Students adapt to new phone law

Georgia's 'Hands-Free Driving" legislation went into effect on July 1

Whitney Sikes, left, and Elizabeth Sellers

Gazebo Photo by Caroline Horn and Taylor Swan

Whitney Sikes, left, and Elizabeth Sellers

Every time junior Ellen Adams gets in her car, she worries about the possibility of being pulled over.

She keeps her cell phone far away from her. Even having one in your lap can get you stopped under a  new Georgia law that went into effect on July 1. Georgia is the 19th state to enforce the “Hands-Free Driving” law.

“I always have to make whoever is with me take my phone from my lap and put it away if we see a cop,” Ellen said. “It scares me to even touch my phone at a red light or even sitting in a parking lot.” 

Some students are unfamiliar with the use of bluetooth technology in the car. Junior Sophie Denisar said the new law influenced her to learn how to use her bluetooth.

Senior Drake Miscall does not have bluetooth in her vehicle and believes she is at a disadvantage under the law.

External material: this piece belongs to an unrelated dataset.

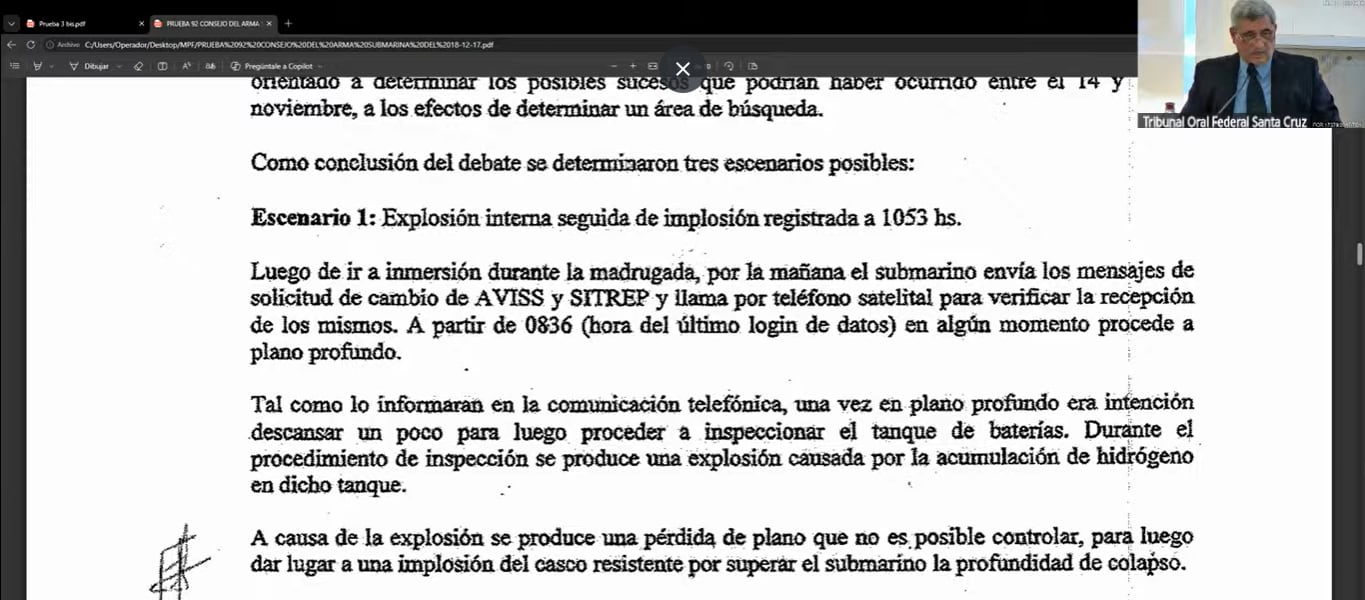 El capitán de navío Marco analizó las distintas hipótesis a las que arribó el Consejo del Arma Submarina en diciembre de 2017 respecto a lo que pudo haber sucedido con el ARA San Juan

I don’t have bluetooth in my car, so I have to pick up my phone when someone calls me, especially if it is an important call from my parents. I can’t just not answer. It puts me in danger of getting a ticket when I can’t help that I don’t have bluetooth in my car like many other people.”

— Drake Miscall

“I don’t have bluetooth in my car, so I have to pick up my phone when someone calls me, especially if it is an important call from my parents,” Drake said. “I can’t just not answer. It puts me in danger of getting a ticket when I can’t help that I don’t have bluetooth in my car like many other people.”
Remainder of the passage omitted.